3. LLM Motion Planning & Hierarchical Decomposition: Mechanism

Object and camera motions are coupled—cameras are often defined relative to objects. LAMP decomposes the joint distribution according to the hierarchy of filmmaking:

\[p(s_{cam}, s_{obj} \mid t) = p(s_{obj} \mid t_{obj}) \cdot p(s_{cam} \mid s_{obj}, t_{cam})\]

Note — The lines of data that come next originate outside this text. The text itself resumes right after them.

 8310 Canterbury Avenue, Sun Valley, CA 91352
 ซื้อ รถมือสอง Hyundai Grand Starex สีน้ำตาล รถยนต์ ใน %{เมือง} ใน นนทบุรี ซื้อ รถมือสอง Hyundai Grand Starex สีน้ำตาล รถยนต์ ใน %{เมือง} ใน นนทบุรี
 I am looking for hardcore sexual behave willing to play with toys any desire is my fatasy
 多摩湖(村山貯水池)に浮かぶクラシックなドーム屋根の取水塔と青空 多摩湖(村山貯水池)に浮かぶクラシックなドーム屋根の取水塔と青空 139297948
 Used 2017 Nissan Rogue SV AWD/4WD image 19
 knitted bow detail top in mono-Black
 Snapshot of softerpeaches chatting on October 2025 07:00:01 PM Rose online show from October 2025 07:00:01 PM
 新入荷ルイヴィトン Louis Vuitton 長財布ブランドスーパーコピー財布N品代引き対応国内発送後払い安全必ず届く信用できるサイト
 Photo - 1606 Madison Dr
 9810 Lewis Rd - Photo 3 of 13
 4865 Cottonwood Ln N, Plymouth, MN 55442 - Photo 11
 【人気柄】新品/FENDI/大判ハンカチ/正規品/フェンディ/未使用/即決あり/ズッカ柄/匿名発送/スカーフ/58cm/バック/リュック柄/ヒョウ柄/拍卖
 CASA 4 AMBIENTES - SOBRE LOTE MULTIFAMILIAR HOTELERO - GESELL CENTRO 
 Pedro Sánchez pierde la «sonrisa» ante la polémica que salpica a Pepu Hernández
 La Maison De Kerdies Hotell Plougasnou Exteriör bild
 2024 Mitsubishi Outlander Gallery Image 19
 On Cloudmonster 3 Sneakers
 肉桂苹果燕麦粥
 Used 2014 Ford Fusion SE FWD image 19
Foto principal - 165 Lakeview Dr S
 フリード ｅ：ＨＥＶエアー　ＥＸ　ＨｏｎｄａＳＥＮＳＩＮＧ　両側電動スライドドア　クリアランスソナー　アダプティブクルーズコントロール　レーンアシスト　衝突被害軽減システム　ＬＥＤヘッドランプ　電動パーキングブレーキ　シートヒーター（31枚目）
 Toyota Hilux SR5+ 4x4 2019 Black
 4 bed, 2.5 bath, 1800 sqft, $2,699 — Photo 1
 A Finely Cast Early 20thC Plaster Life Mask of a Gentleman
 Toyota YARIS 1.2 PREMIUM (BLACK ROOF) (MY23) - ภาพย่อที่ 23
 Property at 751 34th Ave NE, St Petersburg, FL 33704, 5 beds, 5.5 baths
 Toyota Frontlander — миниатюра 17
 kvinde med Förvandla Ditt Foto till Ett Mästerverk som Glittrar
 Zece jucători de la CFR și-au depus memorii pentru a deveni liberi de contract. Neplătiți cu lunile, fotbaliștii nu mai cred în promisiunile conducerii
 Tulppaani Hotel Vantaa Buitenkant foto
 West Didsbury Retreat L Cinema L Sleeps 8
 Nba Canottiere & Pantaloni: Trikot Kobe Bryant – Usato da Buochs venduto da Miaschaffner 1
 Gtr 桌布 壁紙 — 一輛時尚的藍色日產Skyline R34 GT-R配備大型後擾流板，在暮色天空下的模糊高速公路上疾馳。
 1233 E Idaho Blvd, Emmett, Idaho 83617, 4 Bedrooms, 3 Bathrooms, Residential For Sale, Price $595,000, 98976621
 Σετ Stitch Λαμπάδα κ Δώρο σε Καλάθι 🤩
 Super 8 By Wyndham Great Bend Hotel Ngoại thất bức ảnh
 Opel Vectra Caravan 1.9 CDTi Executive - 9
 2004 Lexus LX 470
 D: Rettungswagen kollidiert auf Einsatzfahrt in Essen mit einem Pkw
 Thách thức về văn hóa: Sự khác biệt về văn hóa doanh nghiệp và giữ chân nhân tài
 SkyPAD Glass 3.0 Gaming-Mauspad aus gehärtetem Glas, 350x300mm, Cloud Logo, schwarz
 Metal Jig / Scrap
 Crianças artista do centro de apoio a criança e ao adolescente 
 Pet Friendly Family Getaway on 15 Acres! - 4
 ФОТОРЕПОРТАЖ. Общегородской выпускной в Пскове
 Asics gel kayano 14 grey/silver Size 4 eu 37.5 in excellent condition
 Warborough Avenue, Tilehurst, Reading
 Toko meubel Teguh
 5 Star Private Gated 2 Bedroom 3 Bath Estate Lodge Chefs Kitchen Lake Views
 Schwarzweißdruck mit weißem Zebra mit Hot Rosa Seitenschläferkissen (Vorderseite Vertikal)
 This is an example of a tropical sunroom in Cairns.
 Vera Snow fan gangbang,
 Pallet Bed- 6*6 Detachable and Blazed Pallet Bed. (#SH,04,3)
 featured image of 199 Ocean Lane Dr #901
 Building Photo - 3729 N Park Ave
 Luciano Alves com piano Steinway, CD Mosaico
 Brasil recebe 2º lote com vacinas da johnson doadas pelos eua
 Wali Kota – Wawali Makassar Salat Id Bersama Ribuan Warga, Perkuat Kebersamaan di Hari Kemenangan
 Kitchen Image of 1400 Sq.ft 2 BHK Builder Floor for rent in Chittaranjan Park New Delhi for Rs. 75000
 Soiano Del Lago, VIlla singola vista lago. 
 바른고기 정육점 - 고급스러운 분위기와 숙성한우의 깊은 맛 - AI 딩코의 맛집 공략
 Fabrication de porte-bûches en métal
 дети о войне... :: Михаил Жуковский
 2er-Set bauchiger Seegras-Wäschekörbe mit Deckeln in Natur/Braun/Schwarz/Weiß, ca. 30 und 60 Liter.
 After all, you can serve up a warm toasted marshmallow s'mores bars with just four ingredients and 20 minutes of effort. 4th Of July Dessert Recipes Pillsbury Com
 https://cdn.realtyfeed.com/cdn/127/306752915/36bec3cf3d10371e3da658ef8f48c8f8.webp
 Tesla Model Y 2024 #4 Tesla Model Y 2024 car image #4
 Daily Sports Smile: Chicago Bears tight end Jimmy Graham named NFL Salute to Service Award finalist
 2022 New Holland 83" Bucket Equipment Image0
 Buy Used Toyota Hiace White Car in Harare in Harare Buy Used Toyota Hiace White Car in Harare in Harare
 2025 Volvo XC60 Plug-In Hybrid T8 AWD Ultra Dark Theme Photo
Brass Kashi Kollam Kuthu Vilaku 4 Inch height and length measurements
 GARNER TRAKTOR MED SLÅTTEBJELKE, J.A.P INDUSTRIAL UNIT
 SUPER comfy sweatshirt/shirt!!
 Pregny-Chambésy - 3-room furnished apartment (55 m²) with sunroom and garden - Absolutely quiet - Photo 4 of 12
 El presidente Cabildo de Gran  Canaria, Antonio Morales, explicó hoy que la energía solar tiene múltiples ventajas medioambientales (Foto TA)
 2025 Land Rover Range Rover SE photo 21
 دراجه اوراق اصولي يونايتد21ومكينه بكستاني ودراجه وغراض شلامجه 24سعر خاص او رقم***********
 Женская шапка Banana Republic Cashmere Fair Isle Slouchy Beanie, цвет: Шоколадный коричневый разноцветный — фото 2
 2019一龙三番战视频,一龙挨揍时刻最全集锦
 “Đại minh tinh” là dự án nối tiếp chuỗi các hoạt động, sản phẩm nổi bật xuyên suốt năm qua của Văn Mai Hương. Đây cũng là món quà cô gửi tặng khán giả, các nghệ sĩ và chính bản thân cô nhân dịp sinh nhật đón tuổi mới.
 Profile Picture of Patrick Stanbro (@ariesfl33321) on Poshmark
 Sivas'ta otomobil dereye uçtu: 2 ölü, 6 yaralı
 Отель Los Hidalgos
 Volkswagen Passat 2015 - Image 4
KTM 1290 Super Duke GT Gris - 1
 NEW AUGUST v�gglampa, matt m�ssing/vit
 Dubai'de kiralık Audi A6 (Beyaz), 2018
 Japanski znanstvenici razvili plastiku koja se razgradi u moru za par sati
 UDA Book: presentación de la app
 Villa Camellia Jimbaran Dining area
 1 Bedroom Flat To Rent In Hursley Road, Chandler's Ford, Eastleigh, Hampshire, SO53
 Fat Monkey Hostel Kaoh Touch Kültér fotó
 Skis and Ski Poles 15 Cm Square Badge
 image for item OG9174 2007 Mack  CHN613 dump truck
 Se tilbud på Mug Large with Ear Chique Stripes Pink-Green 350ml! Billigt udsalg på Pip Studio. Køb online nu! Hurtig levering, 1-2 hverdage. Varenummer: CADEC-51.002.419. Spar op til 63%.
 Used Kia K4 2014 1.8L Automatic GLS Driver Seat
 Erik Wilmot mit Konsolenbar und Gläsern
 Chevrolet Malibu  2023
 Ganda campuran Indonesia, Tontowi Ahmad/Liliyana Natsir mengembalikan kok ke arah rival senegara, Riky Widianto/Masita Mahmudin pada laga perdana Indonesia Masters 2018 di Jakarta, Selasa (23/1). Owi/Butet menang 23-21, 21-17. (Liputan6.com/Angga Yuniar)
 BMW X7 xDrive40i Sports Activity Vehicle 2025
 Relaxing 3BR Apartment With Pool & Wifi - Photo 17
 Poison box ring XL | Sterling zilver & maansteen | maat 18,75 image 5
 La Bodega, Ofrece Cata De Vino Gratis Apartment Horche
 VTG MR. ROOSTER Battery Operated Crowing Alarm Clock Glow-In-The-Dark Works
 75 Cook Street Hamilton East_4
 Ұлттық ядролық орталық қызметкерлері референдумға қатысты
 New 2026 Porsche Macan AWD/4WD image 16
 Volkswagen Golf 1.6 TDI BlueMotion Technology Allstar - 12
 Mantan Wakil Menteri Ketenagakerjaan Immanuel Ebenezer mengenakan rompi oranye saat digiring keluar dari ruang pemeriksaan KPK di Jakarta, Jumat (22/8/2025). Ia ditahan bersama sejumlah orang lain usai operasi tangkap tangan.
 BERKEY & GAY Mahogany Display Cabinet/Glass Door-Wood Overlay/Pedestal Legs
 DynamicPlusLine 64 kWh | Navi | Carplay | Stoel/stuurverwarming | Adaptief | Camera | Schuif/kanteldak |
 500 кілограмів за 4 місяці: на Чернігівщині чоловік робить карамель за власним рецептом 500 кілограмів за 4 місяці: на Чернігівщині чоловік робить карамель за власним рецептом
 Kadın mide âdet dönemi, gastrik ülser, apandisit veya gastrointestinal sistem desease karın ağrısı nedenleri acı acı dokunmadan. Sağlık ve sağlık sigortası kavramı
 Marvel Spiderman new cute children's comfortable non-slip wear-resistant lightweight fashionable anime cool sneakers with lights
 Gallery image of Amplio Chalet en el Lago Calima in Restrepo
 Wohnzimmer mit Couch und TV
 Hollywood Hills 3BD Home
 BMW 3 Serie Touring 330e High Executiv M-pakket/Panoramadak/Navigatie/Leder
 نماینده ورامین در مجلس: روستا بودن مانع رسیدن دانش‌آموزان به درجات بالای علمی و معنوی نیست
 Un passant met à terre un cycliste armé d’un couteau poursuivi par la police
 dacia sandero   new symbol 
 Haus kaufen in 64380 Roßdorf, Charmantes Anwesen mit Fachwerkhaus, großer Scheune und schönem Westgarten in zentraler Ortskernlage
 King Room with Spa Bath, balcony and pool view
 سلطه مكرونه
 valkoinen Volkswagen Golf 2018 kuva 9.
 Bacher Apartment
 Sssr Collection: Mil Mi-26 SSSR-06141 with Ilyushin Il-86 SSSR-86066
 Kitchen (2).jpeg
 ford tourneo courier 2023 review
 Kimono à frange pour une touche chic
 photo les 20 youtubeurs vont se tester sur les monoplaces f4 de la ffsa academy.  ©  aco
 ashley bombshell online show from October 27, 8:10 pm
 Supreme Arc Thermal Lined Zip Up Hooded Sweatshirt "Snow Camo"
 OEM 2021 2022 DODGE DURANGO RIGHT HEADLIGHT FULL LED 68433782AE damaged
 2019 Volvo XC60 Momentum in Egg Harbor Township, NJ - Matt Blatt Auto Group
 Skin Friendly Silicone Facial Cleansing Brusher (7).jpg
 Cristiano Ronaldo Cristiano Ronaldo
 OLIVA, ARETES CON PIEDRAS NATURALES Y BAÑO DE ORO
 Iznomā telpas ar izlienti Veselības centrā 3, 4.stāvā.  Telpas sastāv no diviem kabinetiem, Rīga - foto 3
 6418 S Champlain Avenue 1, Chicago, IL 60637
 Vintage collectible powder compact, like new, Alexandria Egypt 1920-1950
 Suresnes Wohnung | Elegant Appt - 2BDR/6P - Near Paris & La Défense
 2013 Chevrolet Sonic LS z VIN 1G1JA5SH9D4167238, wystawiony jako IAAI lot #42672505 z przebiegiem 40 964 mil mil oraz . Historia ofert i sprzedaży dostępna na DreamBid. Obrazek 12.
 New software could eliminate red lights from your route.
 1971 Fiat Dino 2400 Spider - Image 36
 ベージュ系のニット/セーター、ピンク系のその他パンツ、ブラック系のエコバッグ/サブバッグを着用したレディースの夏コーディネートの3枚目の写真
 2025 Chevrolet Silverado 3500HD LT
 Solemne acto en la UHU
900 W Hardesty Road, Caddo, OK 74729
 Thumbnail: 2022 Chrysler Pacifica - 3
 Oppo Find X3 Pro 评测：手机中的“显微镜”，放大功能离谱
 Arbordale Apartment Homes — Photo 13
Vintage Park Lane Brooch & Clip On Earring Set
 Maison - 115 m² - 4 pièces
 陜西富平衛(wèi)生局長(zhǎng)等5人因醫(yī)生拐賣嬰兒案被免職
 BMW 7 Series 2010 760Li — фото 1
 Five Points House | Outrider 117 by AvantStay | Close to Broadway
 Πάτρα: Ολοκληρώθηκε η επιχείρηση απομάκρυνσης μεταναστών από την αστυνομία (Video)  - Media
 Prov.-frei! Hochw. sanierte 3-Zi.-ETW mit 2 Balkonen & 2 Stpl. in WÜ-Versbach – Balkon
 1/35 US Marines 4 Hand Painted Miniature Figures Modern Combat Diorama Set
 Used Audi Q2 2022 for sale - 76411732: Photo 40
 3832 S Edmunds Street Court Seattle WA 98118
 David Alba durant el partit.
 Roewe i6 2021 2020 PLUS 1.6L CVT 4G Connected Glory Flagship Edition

The model first generates object motion \(s_{obj}\) and then generates camera motion \(s_{cam}\) conditioned on the object. The planner is a Qwen2.5-VL model fine-tuned on the 400K corpus. This decomposition aligns with the intuition that objects define scene dynamics while cameras adjust composition. It also supports iterative refinement; users can modify specific program parts (e.g., "lower the camera") without re-synthesizing the entire sequence.

Loss & Training

The LLM planner is trained using a standard autoregressive target without additional structural losses. During inference, the DSL program is mapped to 3D trajectories and rendered into a control video (2D bounding box and global voxel projections), which serves as input to the VACE video generator alongside the text and initial frame.

Key Experimental Results

Main Results — DataDoP Camera Trajectory Evaluation

Model Adjusted F1 CLaTr Score CLaTr FID
CCD (Pre-trained) 5.29 357.8
ET (Pre-trained) 2.46 609.9
GenDoP (DataDoP Trained) 0.400 36.18 22.7
LAMP (Pre-trained) 0.763 36.29 66.9
LAMP (ft DataDoP) 0.776 36.52 67.2

Ablation Study

Configuration Description
W/o DSL (Direct Regression) Performance drops significantly
W/o Fine-tuning (Zero-shot) Basic capabilities present but low precision
Full LAMP Optimal performance

Key Findings

  • LAMP outperforms GenDoP (trained on DataDoP) in Adjusted F1 even without DataDoP training (0.763 vs 0.400), proving the strong generalization of the DSL representation.
  • Symbolic programs are more efficient than direct coordinate regression, requiring less data.
  • Iterative refinement (e.g., "zoom out slightly," "camera lower") is a unique advantage, allowing users to adjust motion without expensive video synthesis runs.

Highlights & Insights

  • Redefining motion generation as program synthesis rather than coordinate regression is a significant architectural paradigm shift.
  • Aligning DSL design with cinematography conventions ensures a professional cinematic feel in the generated motion.
  • The decoupled design allows iterative motion modification before video synthesis, significantly reducing creative costs.
  • It provides the first unified natural language control for both object and camera motion.

Limitations & Future Work

  • Currently supports only single-object scenes (via 3D bounding boxes); multi-object interaction is not yet addressed.
  • Motion sequences are limited to four temporal segments; longer complex motions require extensions.
  • Final video quality is constrained by the underlying video generation model (VACE).
  • The CLaTr FID is higher than GenDoP (66.9 vs 22.7), suggesting room for improvement in trajectory realism.
  • vs GenDoP: GenDoP uses GPT for detailed directorial descriptions to guide autoregressive path generation; LAMP uses the LLM to directly output executable motion programs.
  • vs ET: ET uses cinematic descriptions to guide a diffusion model's trajectory prediction; LAMP skips diffusion for trajectories and uses deterministic DSL mapping.
  • vs CameraCtrl/EPiC: These methods control only the camera and assume static objects; LAMP provides unified control for both.

Rating

  • Novelty: ⭐⭐⭐⭐⭐ Strong innovation in redefining motion control as program synthesis and integrating cinematography.
  • Experimental Thoroughness: ⭐⭐⭐⭐ Quantitative comparisons across multiple benchmarks, including ablations and user studies.
  • Writing Quality: ⭐⭐⭐⭐ Clear motivation, well-structured methodology, and intuitive diagrams.
  • Value: ⭐⭐⭐⭐⭐ Significant contribution to controllable video generation with an elegant and scalable framework.